**Your objective**
Only one span is wanted from the lines below: from the one with "Bagvdanari House | Ushba Gate House" up to and including the one with "Museo di Santa Chiara". Copy it exactly, without images.

**Given entries**
------------

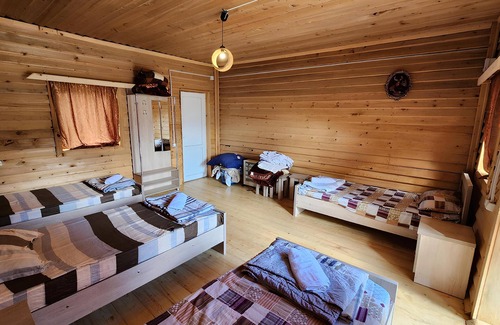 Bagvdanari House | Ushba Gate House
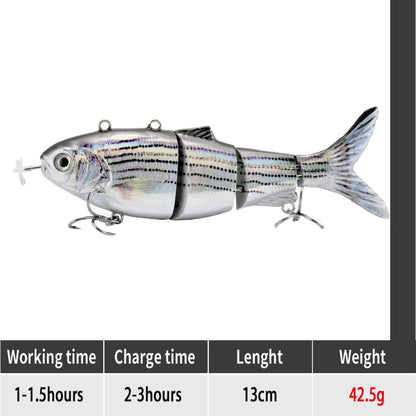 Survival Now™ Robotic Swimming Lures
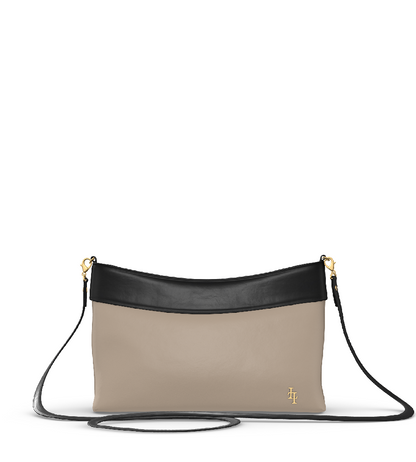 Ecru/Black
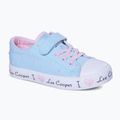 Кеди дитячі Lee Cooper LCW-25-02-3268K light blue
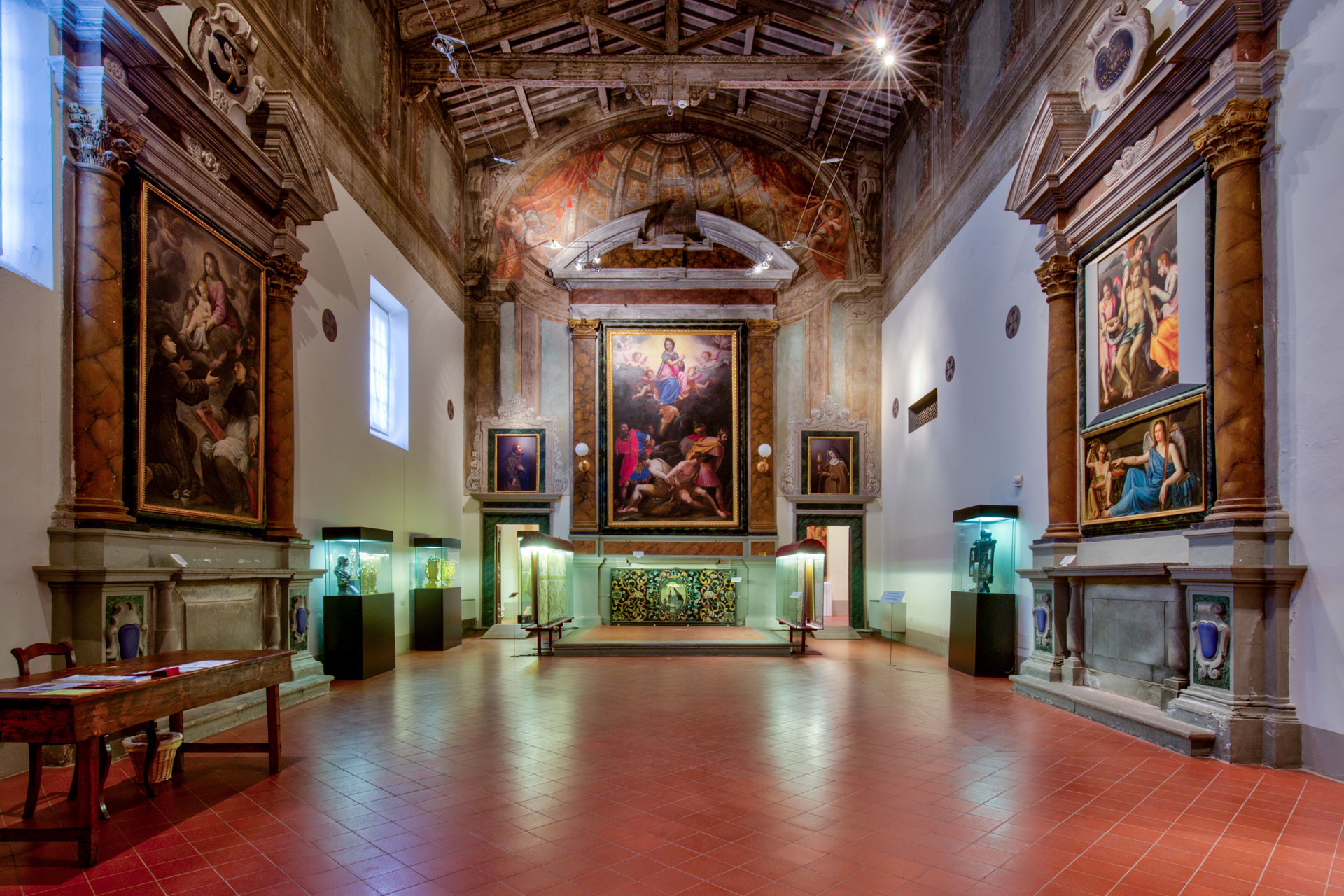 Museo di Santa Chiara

------------

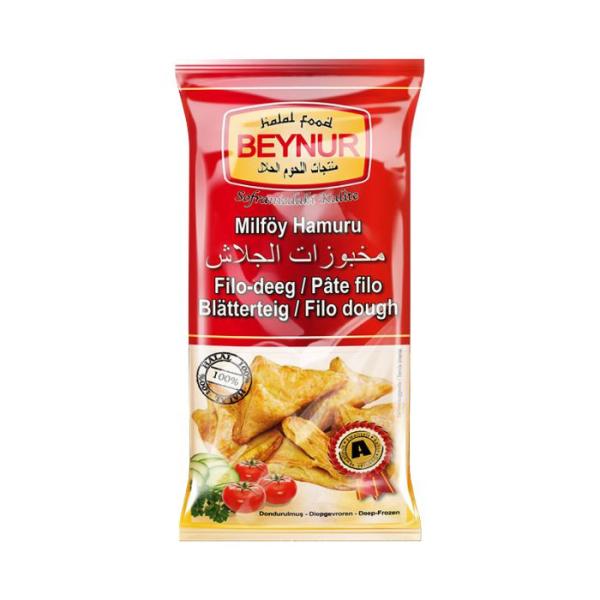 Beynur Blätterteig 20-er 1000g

------------

**Answer section**
 Bagvdanari House | Ushba Gate House
 Survival Now™ Robotic Swimming Lures
 Ecru/Black
 Кеди дитячі Lee Cooper LCW-25-02-3268K light blue
 Museo di Santa Chiara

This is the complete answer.